The fact that a pristine area rich in artifacts is now widely known will inevitably draw pothunters and "jerks" who trash archaeological sites. There's the pity.
If that shoe doesn't fit, why get your knickers in a bunch?
I have my own bone to pick with academia excluding amatuers (anyone without an institutional grant) from archaeology, or for that matter, paleontology, to a great extent. I'm a geologist, but I can't pick up a tooth on federal land, despite being a professional, despite the fact that, if reported, the fossil will probably be destroyed by the same forces which brought it out of the strata in which it was entombed. I'd rather see it in a shoebox under some kid's bed, well revered, than washed down the creek to oblivion. At least there is a chance it will be studied someday. All this prohibition has done is squelch the budding enthusiasm of the next generation of archaeologists, paleontologists, and geologists. It makes for an unwieldy crop of couch potatoes who think surfing the web is a replacement for being there.

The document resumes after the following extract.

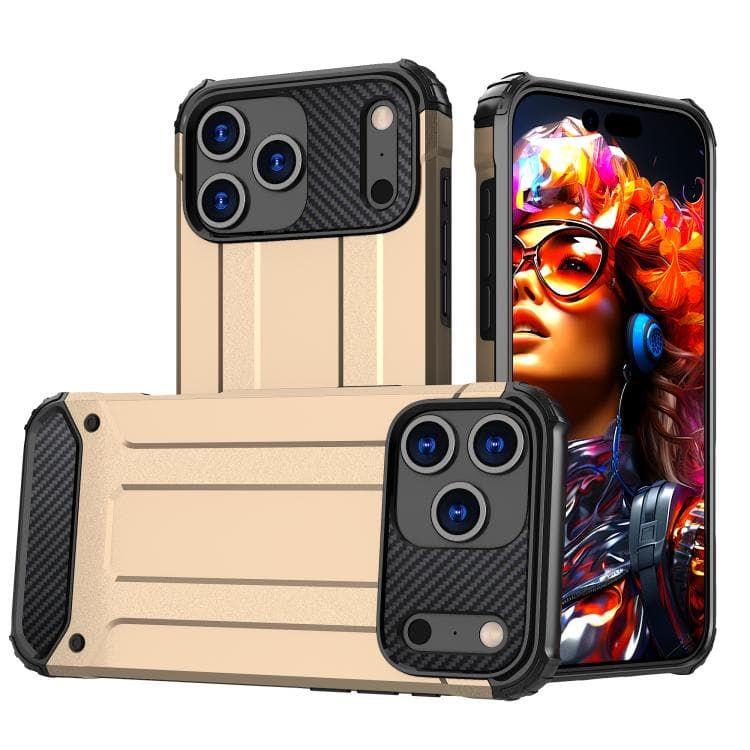 For iPhone 17 Pro Magic Armor TPU Phone Case(Gold)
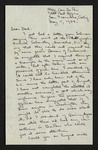 Letter from Hubert Creekmore to Hiram Hubert Creekmore (11 May 1944)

Do I feel this site area is the holiest of holies? No, it is just the abandoned trash and belongings of the previous residents. Not much holy about a trash pit.

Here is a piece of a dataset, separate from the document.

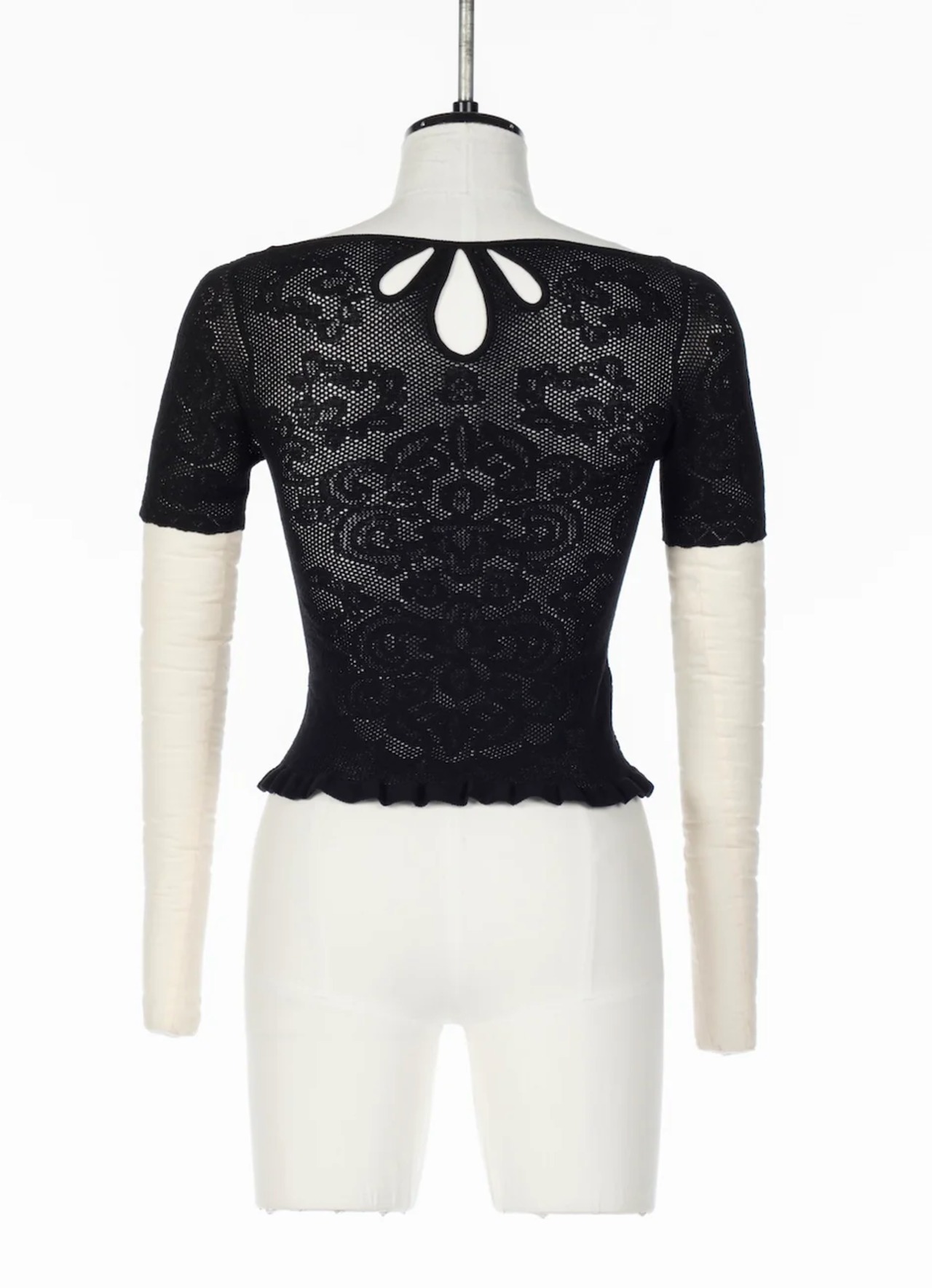 【26SS】FETICO フェティコ / DAMASK LACE SCOOP NECK TOP - 2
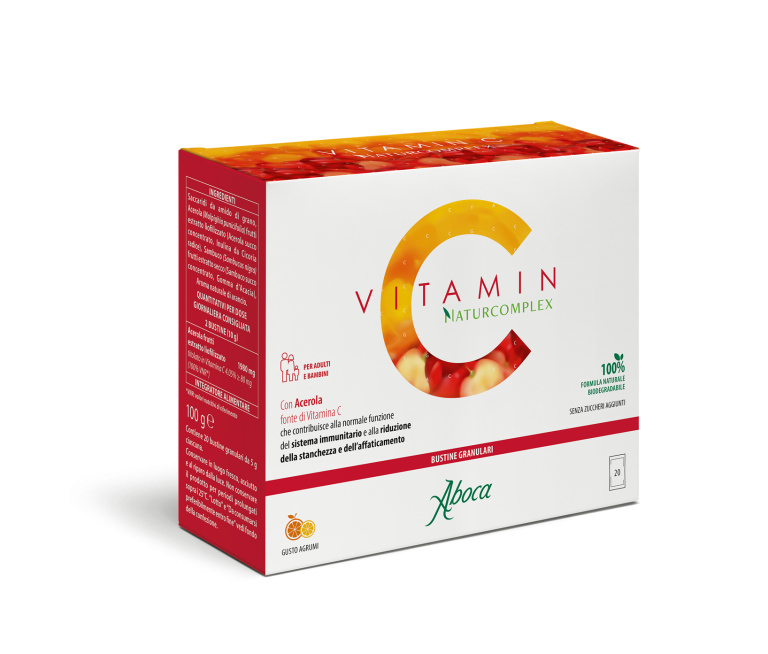 Vitamin C Naturcomplex di Aboca: la Vitamina C 100% naturale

Do I think that some knowledge could be gleaned there? Perhaps some insight might be gained if people don't loot the place. The best way to keep that from happening is to keep the lid on the location.
I got my start picking up arrowheads in a tobacco field with my grandfather. Hardly an undisturbed site. Most places have felt the plow, and have lost a great deal of significance as archaeological sites go. This one, apparently has not.
On our survey (with the Federal Government. Oh my, imagine this), we had high school kids from the local school come out and spend a day with each of our survey crews. A few REALLY got into it, and others were more like couch potatoes.
We also invited local metal detector 'amateurs' out to help us with a portion of the Park that had Civil War remains. They really helped us find some very interesting artifacts that our surface survey would not have found. Each crew also had a volunteer who was an amateur. One guy was in his late 60s but he kept up with us 20 year olds no problem. He just had a profound interest in the subject and was one of the best workers as a result. No formal training whatsoever. We all loved him.
As archaeologists we also recorded a number of fossils in the arroyo beds, even though strictly speaking they were more the purview of geology than archaeology. But as with most things we mapped its location (on a topo and using GPS) and details about it, but left it as we found it.
Why someone would go out of their way to destroy such things is beyond me--just to get back at 'academia'? What a stupid reason. You might as well go spray paint some graffitti on a Police Station or something equally intelligent.
Makes me ashamed to share the title 'Freeper' with such a person.
I truely did not mean to direct it at you!
All this prohibition has done is squelch the budding enthusiasm of the next generation of archaeologists, paleontologists, and geologists.
You state things in much more mature way!